Example embodiments for accessing LED drivers in LED lighting fixtures and cabling systems for LED lighting fixtures will be described more fully hereinafter with reference to the accompanying drawings, in which example embodiments of accessing LED drivers in LED lighting fixtures and cabling systems for LED lighting fixtures are shown. Accessing LED drivers in LED lighting fixtures and cabling systems for LED lighting fixtures may, however, be embodied in many different forms and should not be construed as limited to the example embodiments set forth herein. Rather, these example embodiments are provided so that this disclosure will be thorough and complete, and will fully convey the scope of accessing LED drivers in LED lighting fixtures and cabling systems for LED lighting fixtures to those or ordinary skill in the art. Like, but not necessarily the same, elements (also sometimes called components) in the various figures are denoted by like reference numerals for consistency.

FIGS. 1A-1C show various views of an example LED lighting fixture 100 in accordance with certain example embodiments. Specifically, FIG. 1A shows a cross-sectional side view of the LED lighting fixture 100. FIG. 1B shows a top view of the LED lighting fixture 100, and FIG. 1C shows a bottom perspective view of the LED lighting fixture 100. In one or more embodiments, one or more of the features shown in FIG. 1 may be omitted, added, repeated, and/or substituted. Accordingly, embodiments of a LED lighting fixture should not be considered limited to the specific arrangements of components shown in FIG. 1.

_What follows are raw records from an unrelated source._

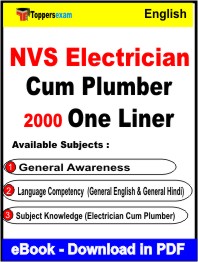 NVS Electrician Cum Plumber One Liner Book PDF in English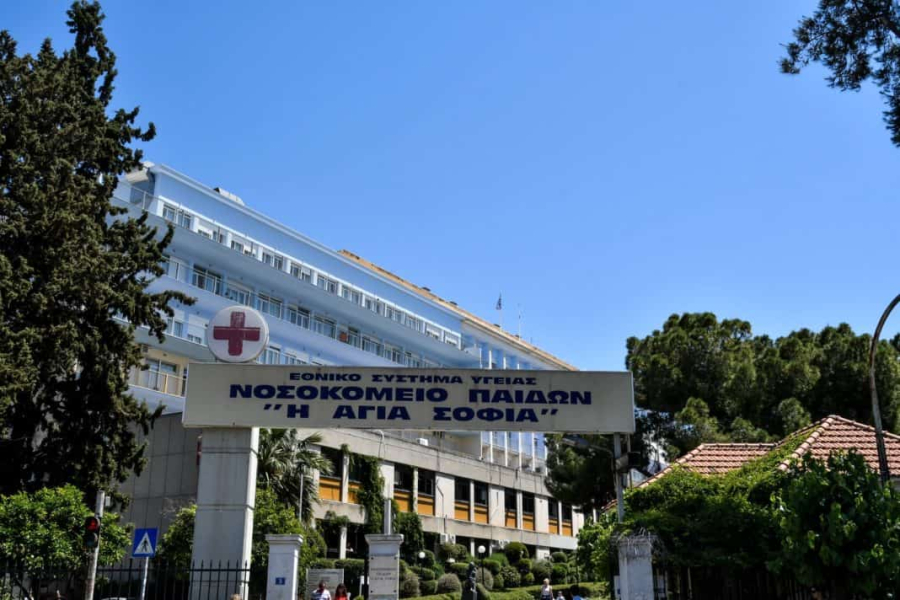 Νοσοκομεία Παίδων: Κραυγή αγωνίας για τα 40 κακοκοποιημένα παιδιά που φιλοξενούνται με εισαγγελική εντολή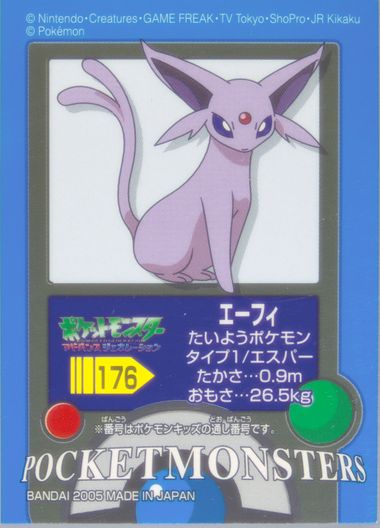 Espeon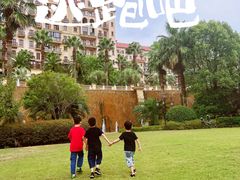 -上海虹桥西郊庄园丽笙大酒店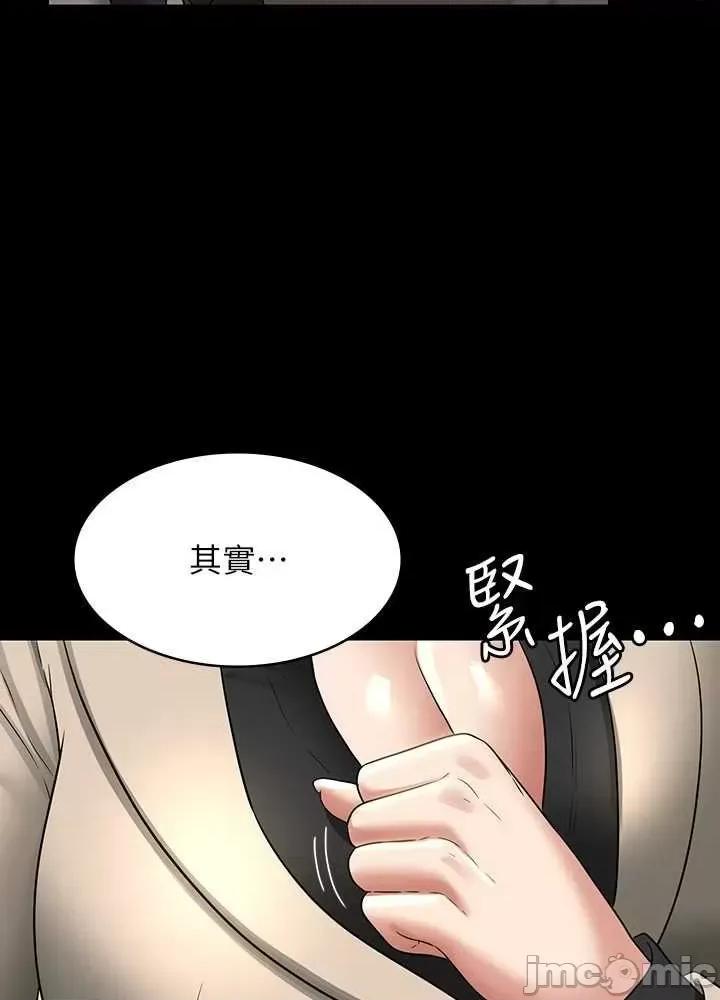 超级公务员 超级公务员 92 第20页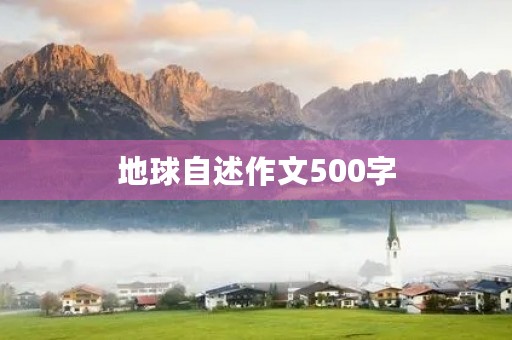 地球自述作文500字 地球自述作文500字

Referring to FIGS. 1A-C, the LED lighting fixture 100 can include a LED driver housing 114 that houses a LED driver 112. The LED driver housing 114 and LED driver 112 in this example are mounted above a ceiling (not shown). The ceiling can be tile, drywall, brick, concrete, some other suitable material, or any combination thereof. In addition to the LED driver housing 114 and LED driver 112, one or more mounting assemblies 120 can be used above the ceiling 118. The mounting assemblies 120 are described in more detail below with respect to FIGS. 2A-2D. As shown in FIG. 1A, a mounting assembly 120 can be mechanically coupled to the LED driver housing 114 or can be physically separated from the LED driver housing 114.

In alternative example embodiments, the ceiling can be located between the mounting assembly 120 and the cover plate 118 shown in FIGS. 1A-1C. In such a case, the cover plate 118 can be mechanically coupled to the underside of the ceiling and held in place by a cap 134 of the coupling feature 138. Further, in such a case, the coupling feature 138 can traverse an aperture in the ceiling. In yet another alternative example embodiment, the mounting assembly 120 traverses an aperture in the ceiling. In such a case, the cover plate 118 can be shaped and sized in such a way as to rest flush against the bottom side of the ceiling and hide or obscure the mounting assembly 120 and the coupling feature 138 from view.

In certain example embodiments, multiple cables 131, 132, 136, 137 are used to hang a remainder 150 of the LED lighting fixture 100. Each cable 131, 132, 136, 137 traverses an aperture in the ceiling 118. One end of a cable 131, 132, 136, 137 can be mechanically coupled to a mounting assembly 120. The mechanical coupling of a cable 131, 132, 136, 137 to the mounting assembly 120 can be performed using a coupling feature 138, which is described in more detail below with respect to FIG. 3. The other end of a cable 131, 132, 136, 137 can be mechanically coupled to the remainder 150 of the LED lighting fixture 100. The mechanical coupling of a cable 131, 132, 136, 137 to the remainder 150 of the LED lighting fixture 100 can be performed using an alternative example coupling feature 400, which is described in more detail below with respect to FIGS. 4A and 4B.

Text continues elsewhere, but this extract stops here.